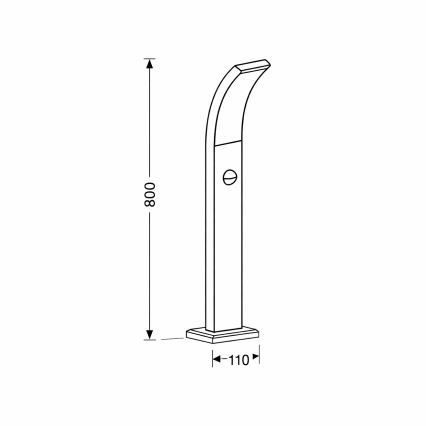 Brilagi - Світлодіодна вулична лампа з датчиком ARCELO LED/9W/230V 50 см IP44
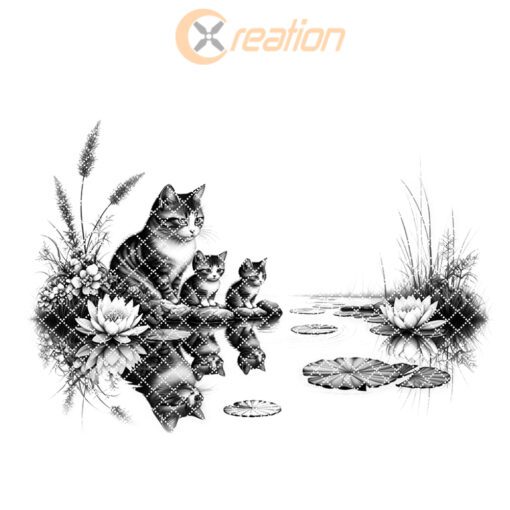 Cat Family Charcuterie Board Laser Engraving Design, Water
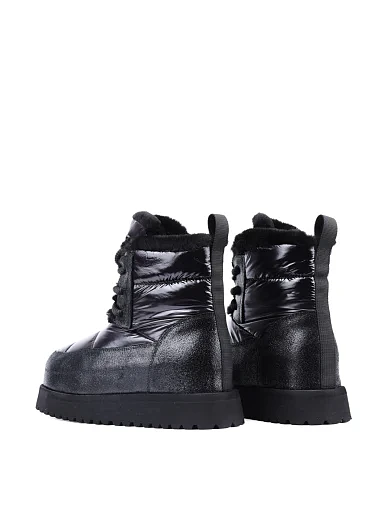 Жіночі черевики MIRATON шкіряні чорні з підкладкою зі штучного хутра (X22471-07-8) - фото 4 - Miraton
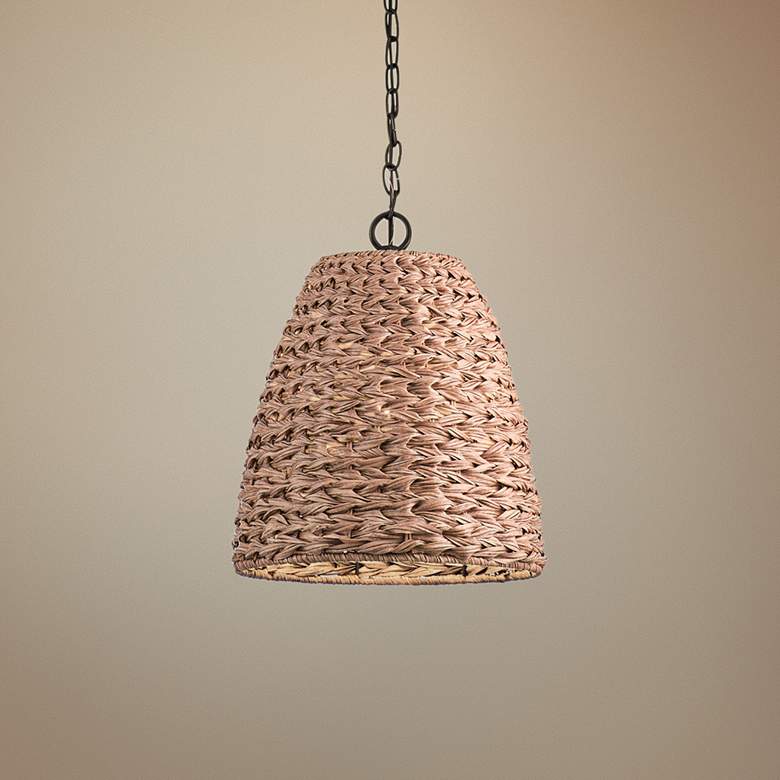 Image 1 Palisades 13 1/4"W Bronze and Natural Outdoor Pendant Light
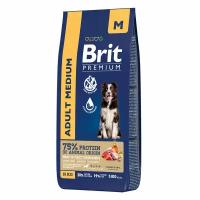 Сухой корм для собак средних пород Brit Premium Dog Adult Medium Индейка и телятина 15 кг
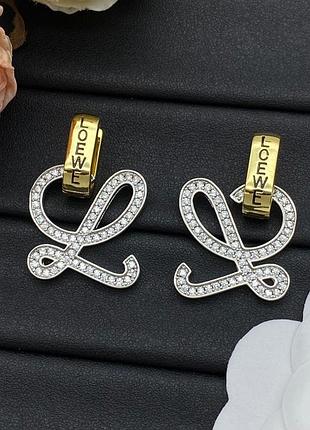 Сережки-підвіси loewe "logo l" люкс якості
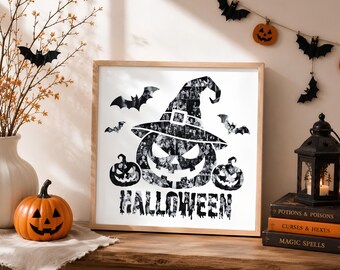 Halloween Pumpkin Photo Collage Template, Editable Spooky Wall Art, Halloween Decor Print (Digital Download)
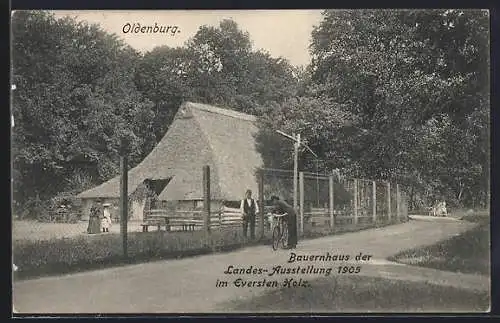 AK Oldenburg / O., Landes-Ausstellung 1905, Bauernhaus im Eversten-Holz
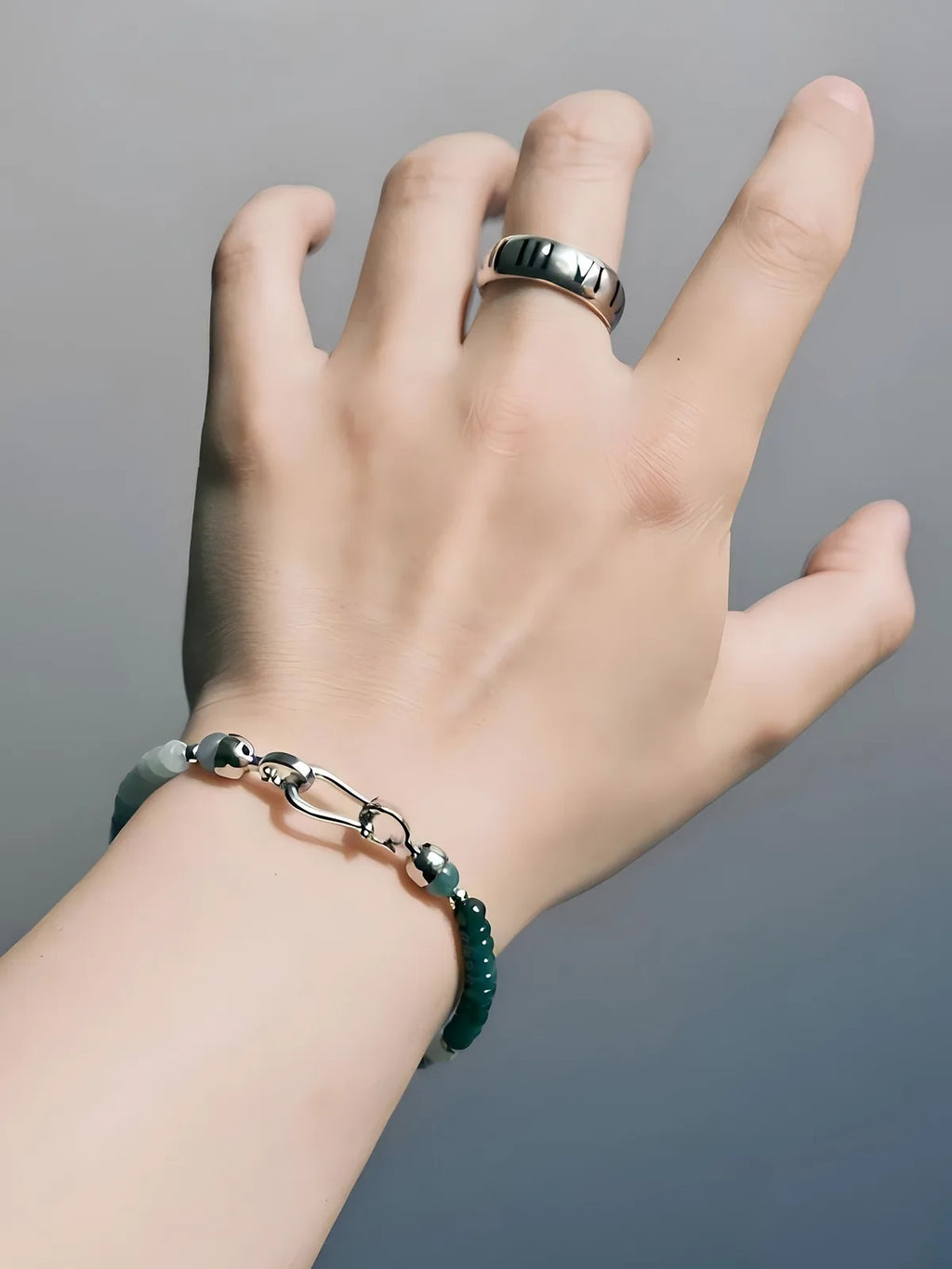 Mineral Soul Series | Ocean Bone | Blue Jade & Titanium Steel Bracelet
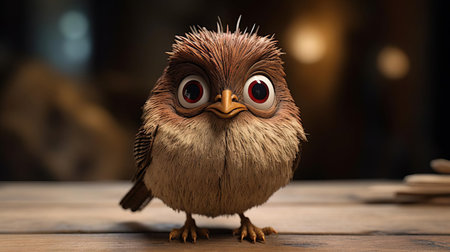 the carolina wren, a vibrant bird species, is reimagined in a stunning 3d character, boasting comical bulging eyes that exude intense emotion, reminiscent of the barbizon school's subtle expressions, while incorporating felt creations and overexposure to add remarkable texture and depth, evoking a hyper-realistic sci-fi aesthetic. ai generatedの素材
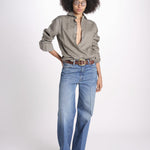 camicia uomo lino con automatici SABRILI MILITARE milaura 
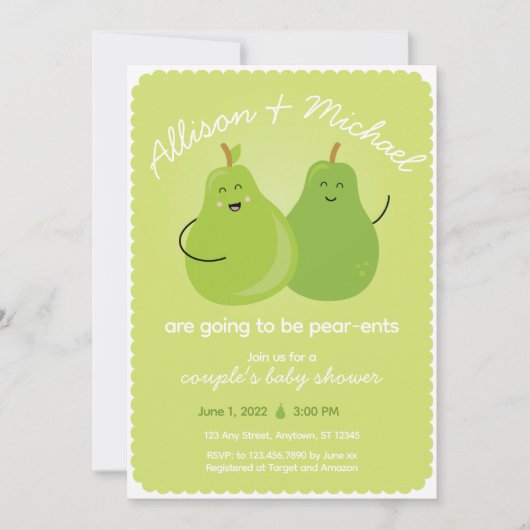 Vruchten van met peren gelijkgestelde Baby showers Kaart (Voorkant)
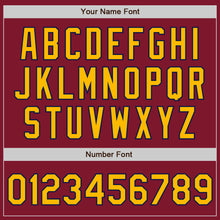 Load image into Gallery viewer, Custom Crimson Navy-Gold Bomber Varsity Letterman Zipper Jacket
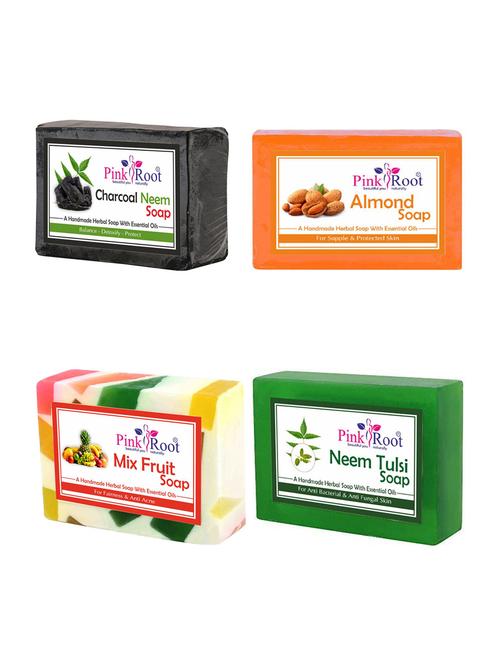 pink root charcoal neem, almond, aloevera and neem tulsi soap (pack of 4) - 16842995 - Very Small Image - 1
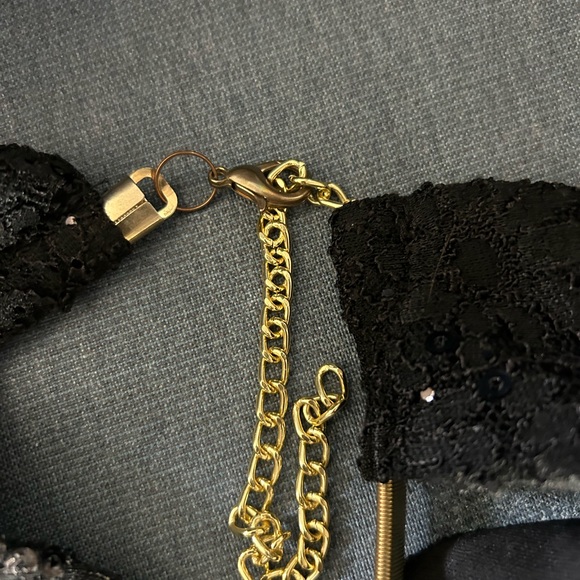 R&M Richards Black Jersey Dressy Sequin Wide Leg Jumpsuit Cocktail Social Size 6 - Picture 8 of 9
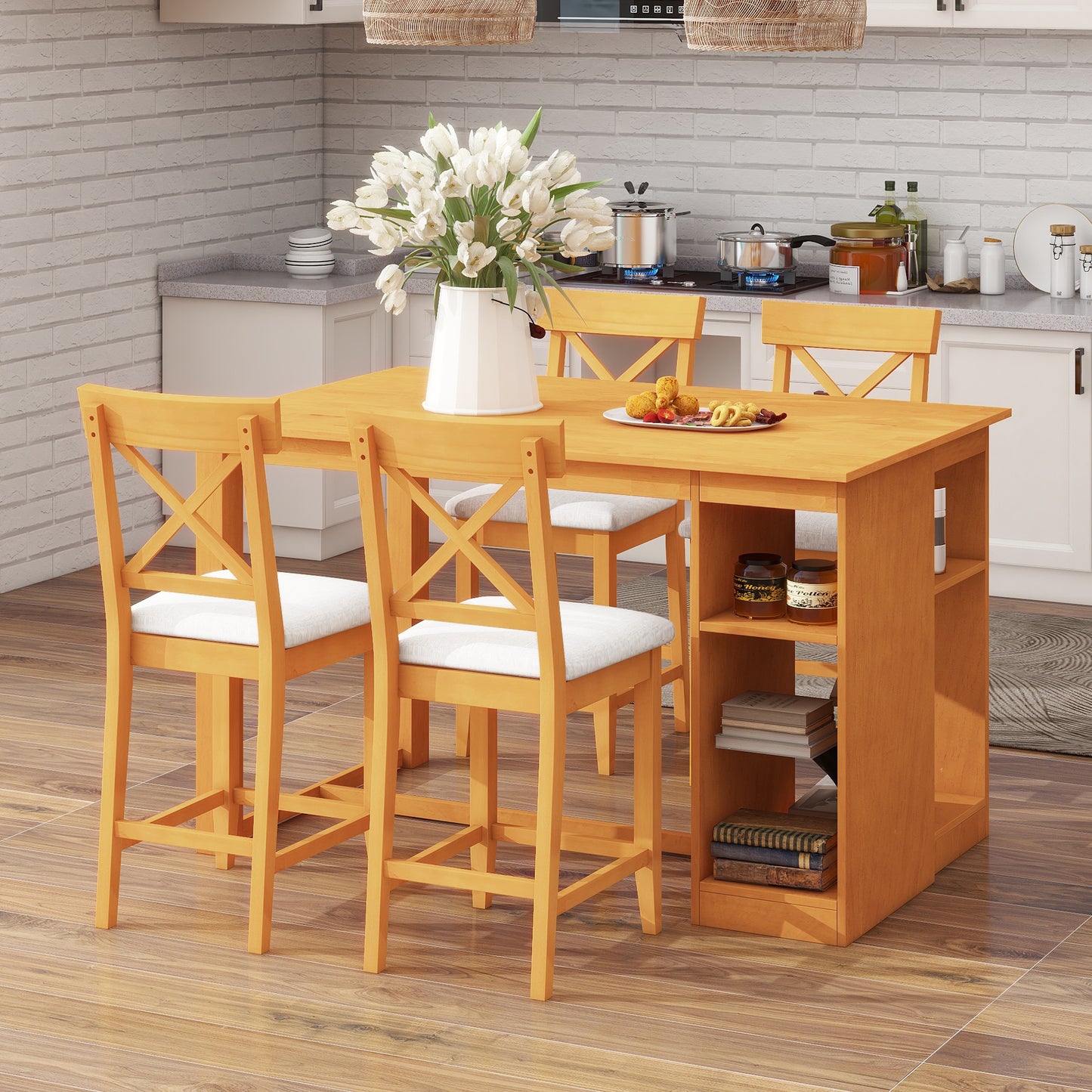 60'Lx30'W Solid Wood Farmhouse Counter Height Dining Table Set with 3-Tier Storage Shelves, Upholstered Dining Chairs fo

***

YOUR GOAL:
Write the listing out again in full and unchanged, minus any pictures.

ANSWER AREA:
 Brilagi - Світлодіодна вулична лампа з датчиком ARCELO LED/9W/230V 50 см IP44
 Cat Family Charcuterie Board Laser Engraving Design, Water
 Жіночі черевики MIRATON шкіряні чорні з підкладкою зі штучного хутра (X22471-07-8) - фото 4 - Miraton
 Image 1 Palisades 13 1/4"W Bronze and Natural Outdoor Pendant Light
 Сухой корм для собак средних пород Brit Premium Dog Adult Medium Индейка и телятина 15 кг
 Сережки-підвіси loewe "logo l" люкс якості
 Halloween Pumpkin Photo Collage Template, Editable Spooky Wall Art, Halloween Decor Print (Digital Download)
 AK Oldenburg / O., Landes-Ausstellung 1905, Bauernhaus im Eversten-Holz
 Mineral Soul Series | Ocean Bone | Blue Jade & Titanium Steel Bracelet
 the carolina wren, a vibrant bird species, is reimagined in a stunning 3d character, boasting comical bulging eyes that exude intense emotion, reminiscent of the barbizon school's subtle expressions, while incorporating felt creations and overexposure to add remarkable texture and depth, evoking a hyper-realistic sci-fi aesthetic. ai generatedの素材
 camicia uomo lino con automatici SABRILI MILITARE milaura 
 Vruchten van met peren gelijkgestelde Baby showers Kaart (Voorkant)
 Load image into Gallery viewer, Custom Crimson Navy-Gold Bomber Varsity Letterman Zipper Jacket
 pink root charcoal neem, almond, aloevera and neem tulsi soap (pack of 4) - 16842995 - Very Small Image - 1
 R&M Richards Black Jersey Dressy Sequin Wide Leg Jumpsuit Cocktail Social Size 6 - Picture 8 of 9
 60'Lx30'W Solid Wood Farmhouse Counter Height Dining Table Set with 3-Tier Storage Shelves, Upholstered Dining Chairs fo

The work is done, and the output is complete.